Data under study START
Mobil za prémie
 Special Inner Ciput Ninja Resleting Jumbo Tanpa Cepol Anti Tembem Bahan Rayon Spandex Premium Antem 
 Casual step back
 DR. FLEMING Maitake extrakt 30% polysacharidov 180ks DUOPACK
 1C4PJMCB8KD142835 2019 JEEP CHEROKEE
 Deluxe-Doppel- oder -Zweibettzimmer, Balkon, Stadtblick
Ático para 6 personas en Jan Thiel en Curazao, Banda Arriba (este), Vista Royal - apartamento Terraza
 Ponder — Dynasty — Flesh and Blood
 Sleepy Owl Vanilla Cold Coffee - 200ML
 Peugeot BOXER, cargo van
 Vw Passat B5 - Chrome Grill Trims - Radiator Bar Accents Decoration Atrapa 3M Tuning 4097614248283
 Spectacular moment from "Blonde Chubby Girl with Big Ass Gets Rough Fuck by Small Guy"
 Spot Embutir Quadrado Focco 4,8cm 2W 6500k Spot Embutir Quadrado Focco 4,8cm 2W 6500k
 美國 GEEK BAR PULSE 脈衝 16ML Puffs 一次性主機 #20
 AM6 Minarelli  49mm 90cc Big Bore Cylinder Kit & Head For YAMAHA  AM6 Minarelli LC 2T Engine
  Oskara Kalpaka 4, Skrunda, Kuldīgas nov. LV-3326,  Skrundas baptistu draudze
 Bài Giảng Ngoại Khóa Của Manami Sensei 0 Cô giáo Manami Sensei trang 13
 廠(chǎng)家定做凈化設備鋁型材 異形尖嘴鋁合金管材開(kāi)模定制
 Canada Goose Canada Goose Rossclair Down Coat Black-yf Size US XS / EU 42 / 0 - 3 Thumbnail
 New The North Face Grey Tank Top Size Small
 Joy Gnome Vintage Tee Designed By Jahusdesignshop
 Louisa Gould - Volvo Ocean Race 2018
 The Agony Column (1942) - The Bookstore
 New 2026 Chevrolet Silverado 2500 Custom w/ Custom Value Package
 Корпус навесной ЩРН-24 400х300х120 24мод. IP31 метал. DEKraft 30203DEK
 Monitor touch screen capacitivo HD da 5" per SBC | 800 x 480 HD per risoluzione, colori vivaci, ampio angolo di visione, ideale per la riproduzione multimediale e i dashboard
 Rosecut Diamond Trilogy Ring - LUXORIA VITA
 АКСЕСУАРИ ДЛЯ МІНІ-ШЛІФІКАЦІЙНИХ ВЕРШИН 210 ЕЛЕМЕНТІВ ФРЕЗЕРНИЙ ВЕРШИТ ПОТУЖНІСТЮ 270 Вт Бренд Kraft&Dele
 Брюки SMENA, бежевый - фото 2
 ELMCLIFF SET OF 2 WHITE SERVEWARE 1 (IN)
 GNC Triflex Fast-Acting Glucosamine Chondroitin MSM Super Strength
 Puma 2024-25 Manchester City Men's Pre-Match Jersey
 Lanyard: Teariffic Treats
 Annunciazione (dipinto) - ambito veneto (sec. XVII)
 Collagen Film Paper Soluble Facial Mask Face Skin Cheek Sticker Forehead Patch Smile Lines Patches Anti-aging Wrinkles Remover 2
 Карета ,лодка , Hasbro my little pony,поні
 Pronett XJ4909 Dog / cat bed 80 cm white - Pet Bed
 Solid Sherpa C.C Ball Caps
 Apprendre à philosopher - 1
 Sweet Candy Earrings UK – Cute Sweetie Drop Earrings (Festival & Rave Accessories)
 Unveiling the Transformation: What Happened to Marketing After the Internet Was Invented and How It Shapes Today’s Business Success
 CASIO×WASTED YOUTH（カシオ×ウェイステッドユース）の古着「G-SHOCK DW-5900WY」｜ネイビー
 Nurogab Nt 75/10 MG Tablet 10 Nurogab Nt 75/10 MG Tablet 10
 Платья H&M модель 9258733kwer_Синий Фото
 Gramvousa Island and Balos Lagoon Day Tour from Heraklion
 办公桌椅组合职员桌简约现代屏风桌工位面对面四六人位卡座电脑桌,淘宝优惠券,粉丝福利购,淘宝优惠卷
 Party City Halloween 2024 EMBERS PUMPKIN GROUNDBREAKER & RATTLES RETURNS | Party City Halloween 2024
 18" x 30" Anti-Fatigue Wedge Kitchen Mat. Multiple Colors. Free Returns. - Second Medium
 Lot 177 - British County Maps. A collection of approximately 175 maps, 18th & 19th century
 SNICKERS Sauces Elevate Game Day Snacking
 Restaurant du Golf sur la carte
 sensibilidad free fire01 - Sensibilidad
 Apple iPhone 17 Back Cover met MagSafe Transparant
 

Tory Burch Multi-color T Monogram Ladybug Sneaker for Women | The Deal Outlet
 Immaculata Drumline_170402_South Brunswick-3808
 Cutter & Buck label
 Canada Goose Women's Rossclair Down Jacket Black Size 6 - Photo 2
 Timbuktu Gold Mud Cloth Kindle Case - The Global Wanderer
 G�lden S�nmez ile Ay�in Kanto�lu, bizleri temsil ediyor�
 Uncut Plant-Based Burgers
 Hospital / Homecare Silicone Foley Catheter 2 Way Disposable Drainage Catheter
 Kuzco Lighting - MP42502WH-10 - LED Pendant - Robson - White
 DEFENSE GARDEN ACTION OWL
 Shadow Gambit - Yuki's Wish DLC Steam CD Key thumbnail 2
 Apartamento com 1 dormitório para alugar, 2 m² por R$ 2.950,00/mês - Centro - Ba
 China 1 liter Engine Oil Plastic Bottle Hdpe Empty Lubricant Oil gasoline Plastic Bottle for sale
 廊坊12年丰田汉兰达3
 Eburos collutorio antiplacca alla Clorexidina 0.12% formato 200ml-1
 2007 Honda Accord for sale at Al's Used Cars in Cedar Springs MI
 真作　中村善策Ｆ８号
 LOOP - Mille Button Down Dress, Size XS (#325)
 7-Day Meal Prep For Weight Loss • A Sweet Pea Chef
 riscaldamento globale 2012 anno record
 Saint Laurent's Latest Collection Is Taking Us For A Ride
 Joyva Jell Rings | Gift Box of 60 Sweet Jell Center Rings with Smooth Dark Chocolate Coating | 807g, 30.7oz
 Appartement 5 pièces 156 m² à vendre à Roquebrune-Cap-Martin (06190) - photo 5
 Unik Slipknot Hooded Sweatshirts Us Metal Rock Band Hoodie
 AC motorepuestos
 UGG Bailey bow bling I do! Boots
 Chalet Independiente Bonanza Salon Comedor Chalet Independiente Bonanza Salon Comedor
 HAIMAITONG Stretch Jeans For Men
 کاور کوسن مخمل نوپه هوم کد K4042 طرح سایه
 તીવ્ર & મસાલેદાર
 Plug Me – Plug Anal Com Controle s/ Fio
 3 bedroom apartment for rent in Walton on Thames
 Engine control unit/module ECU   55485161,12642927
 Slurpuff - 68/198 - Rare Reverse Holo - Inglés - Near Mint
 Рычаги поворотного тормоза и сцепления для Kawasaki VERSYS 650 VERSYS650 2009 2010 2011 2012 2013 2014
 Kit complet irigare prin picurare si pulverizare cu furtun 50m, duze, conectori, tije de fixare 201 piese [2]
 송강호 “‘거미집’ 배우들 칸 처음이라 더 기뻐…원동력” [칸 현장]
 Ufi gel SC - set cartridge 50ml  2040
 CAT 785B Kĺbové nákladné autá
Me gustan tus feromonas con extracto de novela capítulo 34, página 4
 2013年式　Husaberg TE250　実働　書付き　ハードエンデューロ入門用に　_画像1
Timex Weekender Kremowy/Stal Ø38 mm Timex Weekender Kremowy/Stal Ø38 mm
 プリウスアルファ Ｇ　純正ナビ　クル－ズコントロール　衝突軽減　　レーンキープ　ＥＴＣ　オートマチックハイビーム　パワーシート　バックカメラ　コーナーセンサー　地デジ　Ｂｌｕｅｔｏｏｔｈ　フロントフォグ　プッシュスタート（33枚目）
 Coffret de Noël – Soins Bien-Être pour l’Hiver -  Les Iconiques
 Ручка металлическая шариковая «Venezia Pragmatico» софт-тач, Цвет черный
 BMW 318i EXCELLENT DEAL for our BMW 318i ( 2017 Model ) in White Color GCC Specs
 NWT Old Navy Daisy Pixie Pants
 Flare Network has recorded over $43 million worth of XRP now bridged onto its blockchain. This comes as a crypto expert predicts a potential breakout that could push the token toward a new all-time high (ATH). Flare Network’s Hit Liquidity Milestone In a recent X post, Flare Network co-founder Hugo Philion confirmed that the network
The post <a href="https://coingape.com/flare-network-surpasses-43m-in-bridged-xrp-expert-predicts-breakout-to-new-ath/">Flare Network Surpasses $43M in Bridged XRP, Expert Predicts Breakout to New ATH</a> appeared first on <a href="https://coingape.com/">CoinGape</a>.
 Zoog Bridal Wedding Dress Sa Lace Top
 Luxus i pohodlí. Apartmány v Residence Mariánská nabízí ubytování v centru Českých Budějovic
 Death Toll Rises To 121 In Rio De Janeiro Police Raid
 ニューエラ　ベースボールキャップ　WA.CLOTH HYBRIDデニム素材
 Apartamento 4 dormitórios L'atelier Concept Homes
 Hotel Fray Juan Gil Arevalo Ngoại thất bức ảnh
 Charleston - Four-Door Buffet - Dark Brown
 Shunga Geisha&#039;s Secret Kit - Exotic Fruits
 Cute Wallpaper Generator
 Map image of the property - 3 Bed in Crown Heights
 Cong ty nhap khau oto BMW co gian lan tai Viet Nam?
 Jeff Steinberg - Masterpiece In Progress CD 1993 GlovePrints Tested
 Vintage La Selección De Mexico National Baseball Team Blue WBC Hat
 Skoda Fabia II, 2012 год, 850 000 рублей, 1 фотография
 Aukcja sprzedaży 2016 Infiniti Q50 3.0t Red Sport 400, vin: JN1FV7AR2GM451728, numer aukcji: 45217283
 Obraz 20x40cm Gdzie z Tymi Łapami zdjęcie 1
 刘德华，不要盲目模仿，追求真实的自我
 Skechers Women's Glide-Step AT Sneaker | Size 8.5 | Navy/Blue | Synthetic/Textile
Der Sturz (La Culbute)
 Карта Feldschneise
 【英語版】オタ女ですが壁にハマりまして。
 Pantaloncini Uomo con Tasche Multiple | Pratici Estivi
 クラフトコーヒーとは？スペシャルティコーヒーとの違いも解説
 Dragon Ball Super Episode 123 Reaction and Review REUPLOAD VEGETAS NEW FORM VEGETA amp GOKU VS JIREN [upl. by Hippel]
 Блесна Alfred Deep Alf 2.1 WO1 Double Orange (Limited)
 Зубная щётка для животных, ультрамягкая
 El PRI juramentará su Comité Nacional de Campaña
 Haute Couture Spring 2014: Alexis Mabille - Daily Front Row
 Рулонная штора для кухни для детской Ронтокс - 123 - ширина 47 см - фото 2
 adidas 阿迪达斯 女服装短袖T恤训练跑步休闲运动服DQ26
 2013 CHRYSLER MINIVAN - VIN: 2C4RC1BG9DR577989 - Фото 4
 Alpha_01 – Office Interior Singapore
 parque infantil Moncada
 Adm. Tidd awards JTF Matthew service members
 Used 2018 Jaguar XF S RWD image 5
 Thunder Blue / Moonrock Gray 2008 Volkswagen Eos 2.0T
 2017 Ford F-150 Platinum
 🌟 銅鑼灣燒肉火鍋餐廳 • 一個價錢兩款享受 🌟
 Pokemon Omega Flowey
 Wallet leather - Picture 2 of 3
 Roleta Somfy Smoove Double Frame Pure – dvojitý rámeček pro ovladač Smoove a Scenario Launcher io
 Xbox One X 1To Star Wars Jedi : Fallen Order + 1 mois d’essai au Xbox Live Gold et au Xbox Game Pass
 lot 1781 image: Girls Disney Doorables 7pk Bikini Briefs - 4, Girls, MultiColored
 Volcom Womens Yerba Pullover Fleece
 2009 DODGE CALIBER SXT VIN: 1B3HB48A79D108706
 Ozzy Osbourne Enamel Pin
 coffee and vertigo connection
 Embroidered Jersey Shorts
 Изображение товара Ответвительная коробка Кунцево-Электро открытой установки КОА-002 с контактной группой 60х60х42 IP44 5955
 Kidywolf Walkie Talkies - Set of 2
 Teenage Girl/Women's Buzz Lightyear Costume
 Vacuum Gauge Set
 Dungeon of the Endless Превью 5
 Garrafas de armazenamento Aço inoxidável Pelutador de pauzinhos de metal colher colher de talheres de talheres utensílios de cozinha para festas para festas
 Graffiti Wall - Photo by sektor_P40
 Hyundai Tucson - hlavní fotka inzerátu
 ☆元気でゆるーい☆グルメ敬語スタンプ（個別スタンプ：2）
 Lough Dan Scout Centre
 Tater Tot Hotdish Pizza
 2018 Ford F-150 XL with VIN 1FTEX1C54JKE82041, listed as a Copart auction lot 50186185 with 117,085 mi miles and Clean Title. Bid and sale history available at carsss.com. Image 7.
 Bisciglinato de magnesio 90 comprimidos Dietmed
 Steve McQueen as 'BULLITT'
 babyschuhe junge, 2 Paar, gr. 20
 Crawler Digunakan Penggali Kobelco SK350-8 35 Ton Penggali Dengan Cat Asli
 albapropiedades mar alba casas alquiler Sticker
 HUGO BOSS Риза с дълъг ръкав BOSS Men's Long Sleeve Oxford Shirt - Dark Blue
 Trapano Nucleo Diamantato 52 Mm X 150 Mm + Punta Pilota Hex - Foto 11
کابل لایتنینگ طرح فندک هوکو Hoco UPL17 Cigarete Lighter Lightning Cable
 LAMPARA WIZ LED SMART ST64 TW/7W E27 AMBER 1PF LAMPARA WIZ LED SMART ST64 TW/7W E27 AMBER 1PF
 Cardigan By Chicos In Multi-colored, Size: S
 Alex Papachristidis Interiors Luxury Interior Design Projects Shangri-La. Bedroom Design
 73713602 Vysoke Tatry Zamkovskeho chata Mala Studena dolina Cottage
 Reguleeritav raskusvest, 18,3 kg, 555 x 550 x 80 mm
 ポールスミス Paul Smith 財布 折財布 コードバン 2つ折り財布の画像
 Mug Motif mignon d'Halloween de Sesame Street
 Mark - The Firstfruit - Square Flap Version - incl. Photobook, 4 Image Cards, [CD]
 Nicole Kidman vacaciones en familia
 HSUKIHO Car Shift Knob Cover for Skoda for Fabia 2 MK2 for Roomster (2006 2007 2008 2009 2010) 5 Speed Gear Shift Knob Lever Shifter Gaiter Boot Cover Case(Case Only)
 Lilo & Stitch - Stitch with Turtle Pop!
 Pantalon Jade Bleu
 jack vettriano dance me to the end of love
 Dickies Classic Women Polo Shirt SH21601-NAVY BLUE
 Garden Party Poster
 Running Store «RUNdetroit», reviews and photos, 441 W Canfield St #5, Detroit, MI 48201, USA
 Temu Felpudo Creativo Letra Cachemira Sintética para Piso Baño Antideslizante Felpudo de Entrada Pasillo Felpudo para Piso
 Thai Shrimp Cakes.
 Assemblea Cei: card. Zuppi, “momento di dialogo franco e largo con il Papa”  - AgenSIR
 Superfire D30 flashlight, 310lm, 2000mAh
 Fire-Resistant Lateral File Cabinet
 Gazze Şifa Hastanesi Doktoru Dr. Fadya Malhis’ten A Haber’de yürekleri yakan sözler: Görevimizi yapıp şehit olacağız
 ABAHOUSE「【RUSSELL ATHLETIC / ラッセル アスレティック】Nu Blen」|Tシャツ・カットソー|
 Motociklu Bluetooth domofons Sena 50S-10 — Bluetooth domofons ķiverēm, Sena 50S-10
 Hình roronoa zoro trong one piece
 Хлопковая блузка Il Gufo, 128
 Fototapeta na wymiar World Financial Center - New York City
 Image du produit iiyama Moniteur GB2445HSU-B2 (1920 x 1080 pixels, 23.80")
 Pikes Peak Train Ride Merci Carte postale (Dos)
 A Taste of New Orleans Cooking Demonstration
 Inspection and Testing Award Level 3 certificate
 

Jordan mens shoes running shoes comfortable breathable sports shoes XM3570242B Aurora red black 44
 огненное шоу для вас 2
Data under study END
*Directions:* Copy out each line of the records where the word "Down" appears.

*Response for this exercise:*
 Canada Goose Canada Goose Rossclair Down Coat Black-yf Size US XS / EU 42 / 0 - 3 Thumbnail
 Canada Goose Women's Rossclair Down Jacket Black Size 6 - Photo 2
 LOOP - Mille Button Down Dress, Size XS (#325)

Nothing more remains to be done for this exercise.